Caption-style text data
========================================================================

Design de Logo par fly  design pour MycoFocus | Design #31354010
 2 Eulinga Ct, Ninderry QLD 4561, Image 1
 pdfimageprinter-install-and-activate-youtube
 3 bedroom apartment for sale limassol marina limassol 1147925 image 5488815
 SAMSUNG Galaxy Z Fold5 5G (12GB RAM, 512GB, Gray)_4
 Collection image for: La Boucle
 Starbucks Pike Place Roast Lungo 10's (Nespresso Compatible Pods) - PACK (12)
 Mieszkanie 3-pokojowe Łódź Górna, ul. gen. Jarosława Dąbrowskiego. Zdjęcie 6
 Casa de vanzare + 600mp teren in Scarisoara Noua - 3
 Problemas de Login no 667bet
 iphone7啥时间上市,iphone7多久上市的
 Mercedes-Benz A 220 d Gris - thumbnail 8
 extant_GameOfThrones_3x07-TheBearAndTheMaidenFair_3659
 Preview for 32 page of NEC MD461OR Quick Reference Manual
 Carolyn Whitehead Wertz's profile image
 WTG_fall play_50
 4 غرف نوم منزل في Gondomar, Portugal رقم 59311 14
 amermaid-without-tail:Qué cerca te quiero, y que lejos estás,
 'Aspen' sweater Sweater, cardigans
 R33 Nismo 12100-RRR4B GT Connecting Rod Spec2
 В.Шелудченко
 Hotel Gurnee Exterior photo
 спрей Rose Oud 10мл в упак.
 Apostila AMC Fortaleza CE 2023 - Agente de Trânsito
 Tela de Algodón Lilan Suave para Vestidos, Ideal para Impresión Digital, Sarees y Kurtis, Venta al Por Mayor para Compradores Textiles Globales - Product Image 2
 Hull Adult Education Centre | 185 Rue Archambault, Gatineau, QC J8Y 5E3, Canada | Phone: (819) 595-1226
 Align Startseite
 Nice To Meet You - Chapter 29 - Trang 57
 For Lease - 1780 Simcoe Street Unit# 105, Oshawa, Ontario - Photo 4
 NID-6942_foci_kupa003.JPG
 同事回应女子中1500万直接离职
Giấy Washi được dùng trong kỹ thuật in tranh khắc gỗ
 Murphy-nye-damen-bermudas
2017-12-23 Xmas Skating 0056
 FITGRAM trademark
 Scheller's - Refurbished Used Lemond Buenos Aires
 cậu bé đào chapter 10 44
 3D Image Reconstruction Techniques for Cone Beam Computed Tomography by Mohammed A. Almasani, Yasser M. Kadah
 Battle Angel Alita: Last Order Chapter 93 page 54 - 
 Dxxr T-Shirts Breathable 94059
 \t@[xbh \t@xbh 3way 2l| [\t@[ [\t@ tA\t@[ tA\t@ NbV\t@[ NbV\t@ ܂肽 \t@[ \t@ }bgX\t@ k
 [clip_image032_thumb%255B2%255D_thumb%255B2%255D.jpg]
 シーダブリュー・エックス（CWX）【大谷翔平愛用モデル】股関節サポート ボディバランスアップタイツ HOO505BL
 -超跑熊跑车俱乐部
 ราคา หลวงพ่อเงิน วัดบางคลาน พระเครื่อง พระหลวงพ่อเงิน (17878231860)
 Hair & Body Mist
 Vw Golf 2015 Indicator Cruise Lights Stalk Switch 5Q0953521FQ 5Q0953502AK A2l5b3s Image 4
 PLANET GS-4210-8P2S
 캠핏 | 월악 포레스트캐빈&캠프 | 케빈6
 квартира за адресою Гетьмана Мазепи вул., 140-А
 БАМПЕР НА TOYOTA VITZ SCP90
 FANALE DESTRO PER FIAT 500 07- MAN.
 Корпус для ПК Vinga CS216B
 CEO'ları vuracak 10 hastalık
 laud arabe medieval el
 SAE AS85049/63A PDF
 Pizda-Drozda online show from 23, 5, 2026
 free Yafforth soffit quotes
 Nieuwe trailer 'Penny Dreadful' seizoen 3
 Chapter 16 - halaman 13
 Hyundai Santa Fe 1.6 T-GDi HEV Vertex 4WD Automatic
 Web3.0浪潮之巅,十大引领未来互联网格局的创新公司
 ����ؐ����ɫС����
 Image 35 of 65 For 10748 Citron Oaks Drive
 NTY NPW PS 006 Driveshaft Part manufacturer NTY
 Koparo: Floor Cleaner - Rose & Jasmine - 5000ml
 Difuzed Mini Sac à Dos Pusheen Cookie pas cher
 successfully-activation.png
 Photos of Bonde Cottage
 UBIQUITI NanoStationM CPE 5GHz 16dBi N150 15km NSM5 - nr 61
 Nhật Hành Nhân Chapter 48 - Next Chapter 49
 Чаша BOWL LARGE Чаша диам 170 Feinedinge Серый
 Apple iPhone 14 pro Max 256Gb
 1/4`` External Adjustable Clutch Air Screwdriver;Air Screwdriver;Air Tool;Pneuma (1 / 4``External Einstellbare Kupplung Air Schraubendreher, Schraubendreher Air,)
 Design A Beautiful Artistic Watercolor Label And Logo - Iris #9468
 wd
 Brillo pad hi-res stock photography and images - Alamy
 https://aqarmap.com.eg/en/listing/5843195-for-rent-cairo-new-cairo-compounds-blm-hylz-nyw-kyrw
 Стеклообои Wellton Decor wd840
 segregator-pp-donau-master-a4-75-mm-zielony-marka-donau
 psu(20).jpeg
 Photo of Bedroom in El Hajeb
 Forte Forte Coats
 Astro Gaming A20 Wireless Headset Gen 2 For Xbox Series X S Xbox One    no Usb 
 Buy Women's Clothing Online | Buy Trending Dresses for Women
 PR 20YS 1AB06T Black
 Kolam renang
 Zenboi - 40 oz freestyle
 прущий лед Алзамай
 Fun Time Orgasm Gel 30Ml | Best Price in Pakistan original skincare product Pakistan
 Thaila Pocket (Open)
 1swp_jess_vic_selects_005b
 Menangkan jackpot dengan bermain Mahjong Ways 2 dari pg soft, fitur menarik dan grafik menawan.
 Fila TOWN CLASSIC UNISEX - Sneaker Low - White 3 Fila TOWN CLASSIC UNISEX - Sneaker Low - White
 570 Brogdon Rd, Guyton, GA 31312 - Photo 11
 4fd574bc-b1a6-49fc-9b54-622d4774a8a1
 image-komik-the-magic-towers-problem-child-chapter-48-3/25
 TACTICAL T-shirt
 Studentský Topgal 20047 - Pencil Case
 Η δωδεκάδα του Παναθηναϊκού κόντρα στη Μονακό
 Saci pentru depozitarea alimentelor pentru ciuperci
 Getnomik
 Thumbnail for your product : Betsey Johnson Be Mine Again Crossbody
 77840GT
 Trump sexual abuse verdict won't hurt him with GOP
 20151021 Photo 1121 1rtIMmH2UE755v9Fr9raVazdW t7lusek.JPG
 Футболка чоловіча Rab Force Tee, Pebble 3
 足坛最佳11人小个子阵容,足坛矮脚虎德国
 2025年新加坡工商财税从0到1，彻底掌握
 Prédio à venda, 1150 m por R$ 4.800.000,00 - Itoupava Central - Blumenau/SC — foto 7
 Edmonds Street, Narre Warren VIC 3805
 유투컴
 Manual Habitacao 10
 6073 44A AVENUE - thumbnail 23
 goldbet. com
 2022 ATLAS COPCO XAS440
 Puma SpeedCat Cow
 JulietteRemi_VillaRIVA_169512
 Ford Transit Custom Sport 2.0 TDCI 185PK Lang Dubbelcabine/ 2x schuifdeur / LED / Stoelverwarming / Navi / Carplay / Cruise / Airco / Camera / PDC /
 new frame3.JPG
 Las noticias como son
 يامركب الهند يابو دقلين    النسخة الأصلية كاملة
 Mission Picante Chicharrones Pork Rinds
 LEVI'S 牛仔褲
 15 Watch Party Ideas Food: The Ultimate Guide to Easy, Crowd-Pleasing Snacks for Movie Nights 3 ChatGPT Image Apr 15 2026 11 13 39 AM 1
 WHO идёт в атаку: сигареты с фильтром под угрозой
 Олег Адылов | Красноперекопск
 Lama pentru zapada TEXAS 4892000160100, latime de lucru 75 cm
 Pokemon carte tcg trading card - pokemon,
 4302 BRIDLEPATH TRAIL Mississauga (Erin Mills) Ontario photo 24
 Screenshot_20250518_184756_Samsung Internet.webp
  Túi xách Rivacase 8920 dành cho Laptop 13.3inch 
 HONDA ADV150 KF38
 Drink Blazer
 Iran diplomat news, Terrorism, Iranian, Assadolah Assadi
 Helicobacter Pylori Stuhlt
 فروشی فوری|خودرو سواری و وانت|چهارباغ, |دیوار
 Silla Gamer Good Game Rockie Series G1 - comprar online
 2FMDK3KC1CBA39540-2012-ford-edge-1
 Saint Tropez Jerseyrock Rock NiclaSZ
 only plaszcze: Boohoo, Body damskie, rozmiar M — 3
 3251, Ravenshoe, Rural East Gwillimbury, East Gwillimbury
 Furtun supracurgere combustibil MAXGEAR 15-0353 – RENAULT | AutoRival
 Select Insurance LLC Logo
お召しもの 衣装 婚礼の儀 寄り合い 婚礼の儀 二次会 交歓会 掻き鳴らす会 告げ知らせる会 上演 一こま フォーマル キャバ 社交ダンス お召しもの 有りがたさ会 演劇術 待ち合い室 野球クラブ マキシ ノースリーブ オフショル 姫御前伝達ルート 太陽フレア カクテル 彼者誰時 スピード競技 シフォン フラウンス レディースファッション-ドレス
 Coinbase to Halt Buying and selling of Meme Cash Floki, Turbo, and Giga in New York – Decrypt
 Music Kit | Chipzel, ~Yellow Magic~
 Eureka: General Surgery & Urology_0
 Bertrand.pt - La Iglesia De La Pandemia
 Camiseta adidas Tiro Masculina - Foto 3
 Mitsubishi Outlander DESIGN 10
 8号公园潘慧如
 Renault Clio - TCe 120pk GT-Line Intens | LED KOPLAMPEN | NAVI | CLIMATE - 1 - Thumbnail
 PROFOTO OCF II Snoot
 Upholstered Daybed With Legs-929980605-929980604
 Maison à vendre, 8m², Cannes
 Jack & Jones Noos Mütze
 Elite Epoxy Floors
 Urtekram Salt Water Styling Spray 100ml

========================================================================

Instructions to follow » Give back, word for word, only the lines above from the line holding "Manual Habitacao 10" to the line holding "Silla Gamer Good", both included.

Completed exercise »
 Manual Habitacao 10
 6073 44A AVENUE - thumbnail 23
 goldbet. com
 2022 ATLAS COPCO XAS440
 Puma SpeedCat Cow
 JulietteRemi_VillaRIVA_169512
 Ford Transit Custom Sport 2.0 TDCI 185PK Lang Dubbelcabine/ 2x schuifdeur / LED / Stoelverwarming / Navi / Carplay / Cruise / Airco / Camera / PDC /
 new frame3.JPG
 Las noticias como son
 يامركب الهند يابو دقلين    النسخة الأصلية كاملة
 Mission Picante Chicharrones Pork Rinds
 LEVI'S 牛仔褲
 15 Watch Party Ideas Food: The Ultimate Guide to Easy, Crowd-Pleasing Snacks for Movie Nights 3 ChatGPT Image Apr 15 2026 11 13 39 AM 1
 WHO идёт в атаку: сигареты с фильтром под угрозой
 Олег Адылов | Красноперекопск
 Lama pentru zapada TEXAS 4892000160100, latime de lucru 75 cm
 Pokemon carte tcg trading card - pokemon,
 4302 BRIDLEPATH TRAIL Mississauga (Erin Mills) Ontario photo 24
 Screenshot_20250518_184756_Samsung Internet.webp
  Túi xách Rivacase 8920 dành cho Laptop 13.3inch 
 HONDA ADV150 KF38
 Drink Blazer
 Iran diplomat news, Terrorism, Iranian, Assadolah Assadi
 Helicobacter Pylori Stuhlt
 فروشی فوری|خودرو سواری و وانت|چهارباغ, |دیوار
 Silla Gamer Good Game Rockie Series G1 - comprar online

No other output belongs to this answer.